Table Of Contents

Previous topic

scikits.timeseries.convert_to_float

Next topic

scikits.timeseries.TimeSeries.fill_value

This Page

TimeSeries objects

class TimeSeries

A subclass of MaskedArray designed to manipulate time series.

Parameters:
data : {array_like}

Data portion of the array. Any data that is valid for constructing a MaskedArray can be used here:

  • a sequence of objects (numbers, characters, objects);
  • a ndarray or one of its subclass. In particular, MaskedArray and TimeSeries are recognized.
dates : {DateArray}

A DateArray instance storing the date information.

autosort : {True, False}, optional

Whether to sort the series in chronological order.

**optional_parameters :

All the parameters recognized by MaskedArray are also recognized by TimeSeries.

See also

MaskedArray

A TimeSeries object is the combination of three ndarrays:

These three arrays can be accessed as attributes of a TimeSeries object. Another very useful attribute is series, that gives the possibility to directly access data and mask as a masked array.

As TimeSeries objects subclass MaskedArray, they inherit all their attributes and methods, as well as the attributes and methods of regular ndarrays.

Attributes

... specific to TimeSeries

data
Returns a view of a TimeSeries as a ndarray.

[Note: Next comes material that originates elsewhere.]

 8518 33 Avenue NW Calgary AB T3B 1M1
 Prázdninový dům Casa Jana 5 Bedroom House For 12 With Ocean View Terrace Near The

This attribute is read-only and cannot be directly set.
mask

Returns the mask of the object, as a ndarray with the same shape as data, or as the special value nomask (equivalent to False). This attribute is writable and can be modified.

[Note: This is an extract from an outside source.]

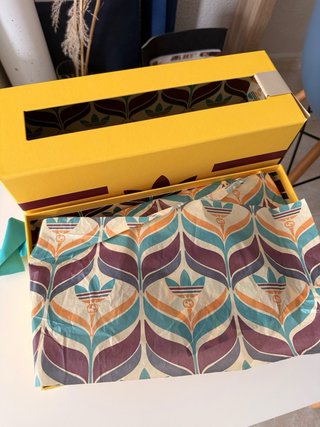 Sandalias Gucci x Adidas Monogram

If data has a standard dtype (no named fields), the dtype of the mask is boolean. If data is a structured array with named fields, the mask has the same structure as the data‘s, but each field is atomically boolean.

In any case, a value of True in the mask indicates that the corresponding value of the series is invalid.

series
Returns a view of a TimeSeries as a MaskedArray. This attribute is read-only and cannot be directly set
dates
Returns the DateArray object of the dates of the series. This attribute is writable and can be modified. However, the size of the array must be zero or match either the size of the series or its length.
varshape
Returns the number of equivalent variables for each date. If varshape == (), the series has only one variable and is called a 1V-series.

Construction

To construct a TimeSeries object, the simplest method is to directly call the class constructor with the proper parameters.

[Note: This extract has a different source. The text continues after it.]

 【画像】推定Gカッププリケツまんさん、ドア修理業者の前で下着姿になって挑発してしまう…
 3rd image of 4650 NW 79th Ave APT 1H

However, the recommended way is to use the time_series factory function.

time_series(data, dates=None, start_date=None, length=None, freq=None, mask=False, dtype=None, copy=False, fill_value=None, keep_mask=True, hard_mask=False, autosort=True)

Creates a TimeSeries object.

The data parameter can be a valid TimeSeries object. In that case, the dates, start_date or freq parameters are optional: if none of them is given, the dates of the result are the dates of data.

If data is not a TimeSeries, then dates must be either None or an object recognized by the date_array function (used internally):

  • an existing DateArray object;
  • a sequence of Date objects with the same frequency;
  • a sequence of datetime.datetime objects;
  • a sequence of dates in string format;
  • a sequence of integers corresponding to the representation of Date objects.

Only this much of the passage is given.